What you should do:
Which lines run from the one containing "Symphyotrichum × versicolor" through the end of the data? Write them out exactly, with the pictures left out.

Pictures with short captions:
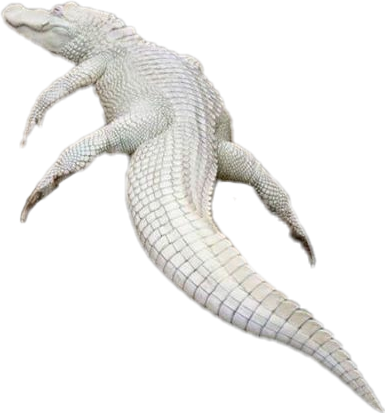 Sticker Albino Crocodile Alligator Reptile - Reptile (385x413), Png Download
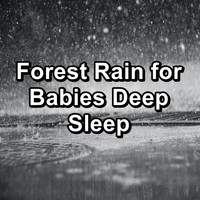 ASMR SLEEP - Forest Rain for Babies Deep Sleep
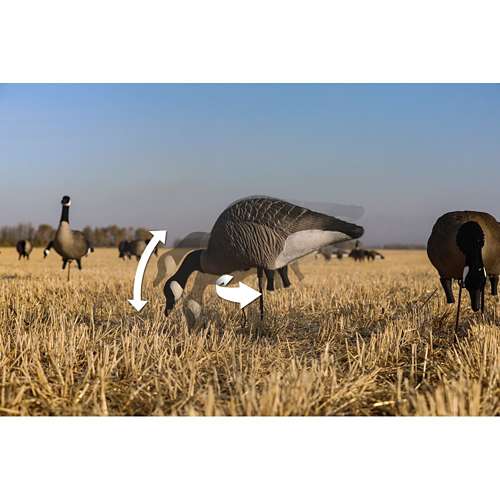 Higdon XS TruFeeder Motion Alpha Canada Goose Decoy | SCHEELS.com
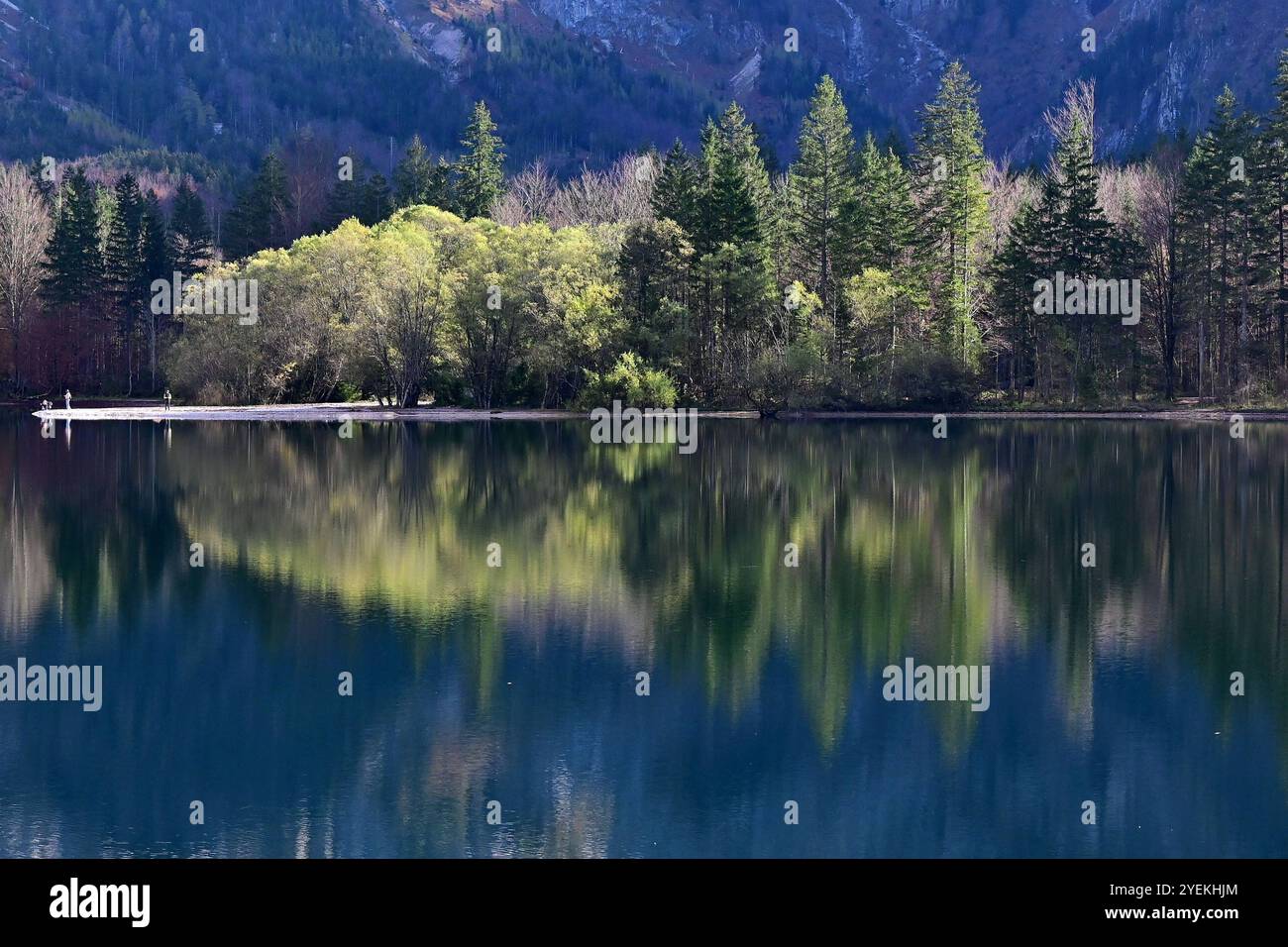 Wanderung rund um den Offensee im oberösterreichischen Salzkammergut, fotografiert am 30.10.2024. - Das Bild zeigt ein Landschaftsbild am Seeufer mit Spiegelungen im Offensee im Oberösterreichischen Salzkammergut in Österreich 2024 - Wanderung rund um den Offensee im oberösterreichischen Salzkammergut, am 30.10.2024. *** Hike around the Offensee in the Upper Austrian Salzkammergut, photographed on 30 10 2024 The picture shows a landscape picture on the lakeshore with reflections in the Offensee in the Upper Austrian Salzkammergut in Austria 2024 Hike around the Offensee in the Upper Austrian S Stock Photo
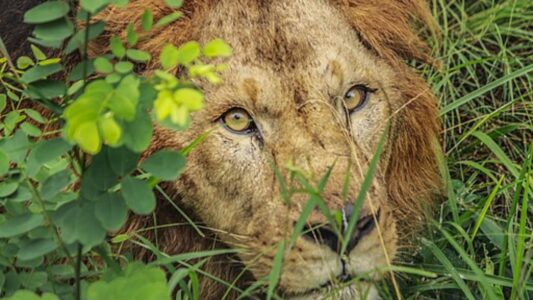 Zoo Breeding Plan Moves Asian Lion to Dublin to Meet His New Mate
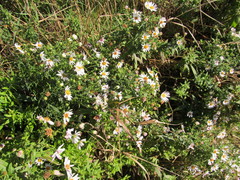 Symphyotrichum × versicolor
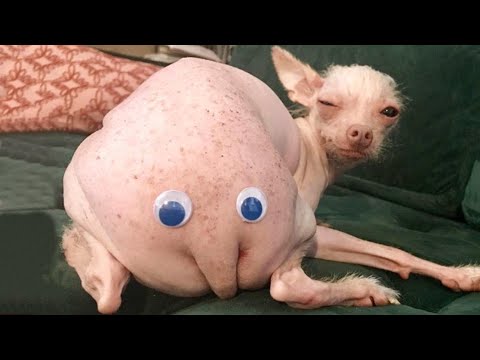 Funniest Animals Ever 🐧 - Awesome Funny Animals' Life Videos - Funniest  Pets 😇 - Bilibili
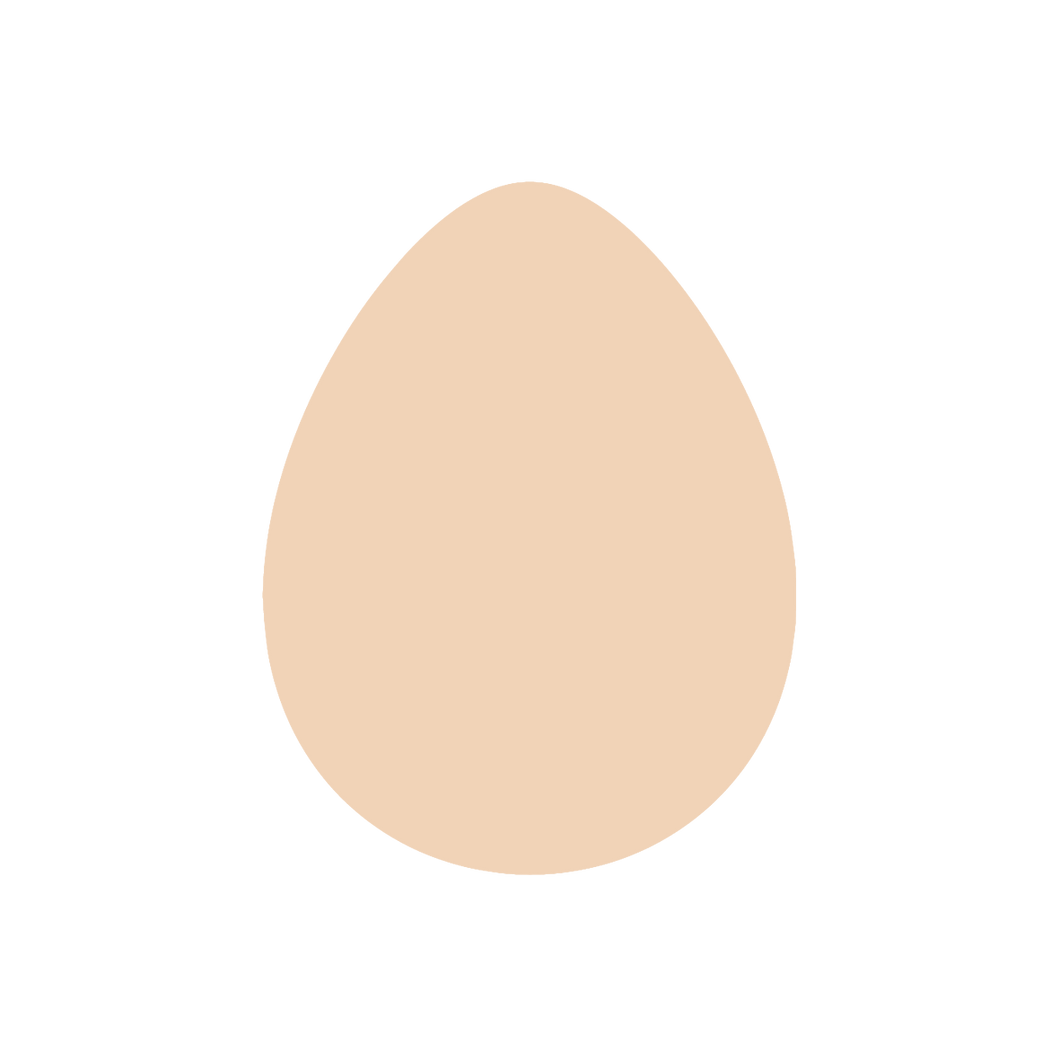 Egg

Output of the exercise:
 Symphyotrichum × versicolor
 Funniest Animals Ever 🐧 - Awesome Funny Animals' Life Videos - Funniest  Pets 😇 - Bilibili
 Egg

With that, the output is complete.